Floors are subject to the same rapid trend cycle as jeans, indoor plants, headphones or croissants. The internet isn’t helping to slow things down either, as the hottest trend has just seemed elusive, appearing and disappearing so fast that most people can’t keep up.

And in a few years — or sometimes even sooner — people start hating them. For example, hardwood floors—where wooden slats are arranged in a repeating, geometric pattern—were all the rage in New York in the 1960s and 1970s. Today, customers are put off by them, said Keyan Sanai, an agent at Douglas Elliman in New York. “That’s something I have to hide now,” he said.

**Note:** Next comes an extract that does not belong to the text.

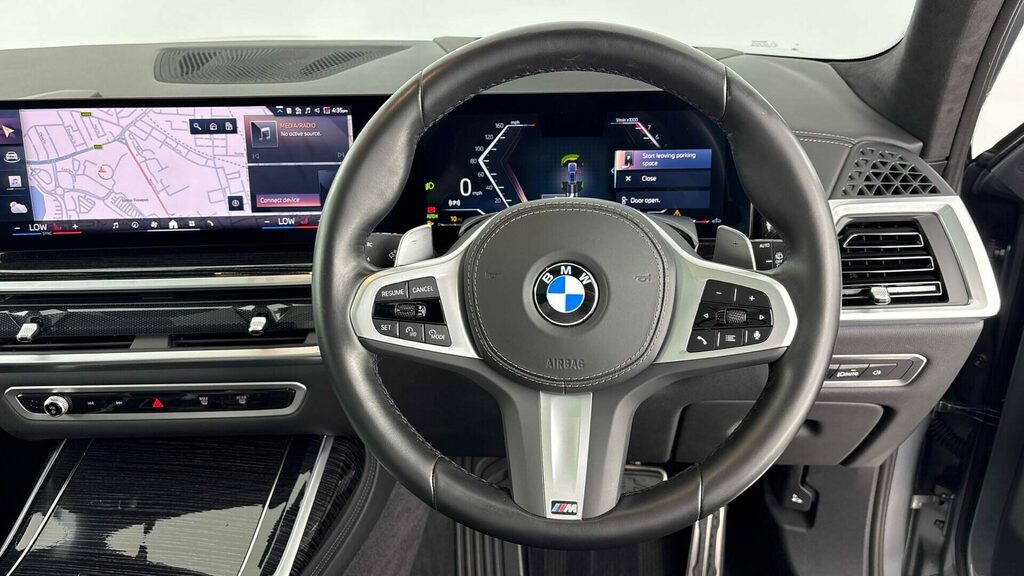 BMW X7 Suv Grey #5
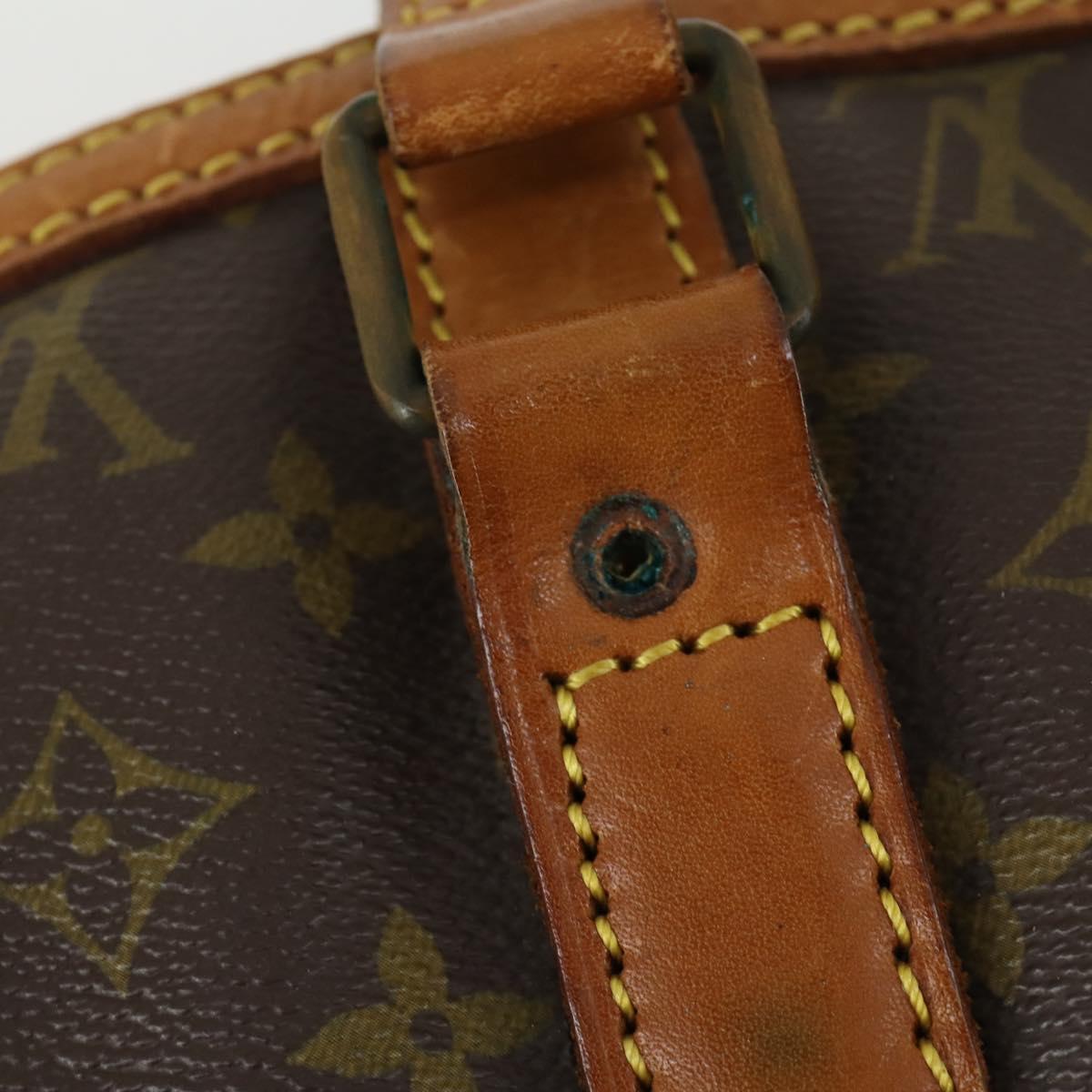 LOUIS VUITTON Monogram Sac Souple 45 Boston Bag M41624 LV Auth 164767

And although he’s heard complaints about gray floors lately, Sanai said it’s sometimes preferable to clients because it means the apartment has been recently modernized, even if it’s not particularly thoughtfully designed. “When you’re lucky enough to have floors in a New York apartment that aren’t 100 years old, that’s exciting,” he said.

Claire Lower, a 36-year-old editor at Lifehacker, a lifehacks blog, bought her Portland, Oregon home in 2020, which featured gray floors. However, she called the floors “soulless” and “corporate neutral.” found that they were at least easy to clean. “They are functional. There is nothing wrong with them, so renewal is not a priority,” she said.

Still, Beagley is in love with her gray floors. “When I discovered gray floors, I was ecstatic,” she said.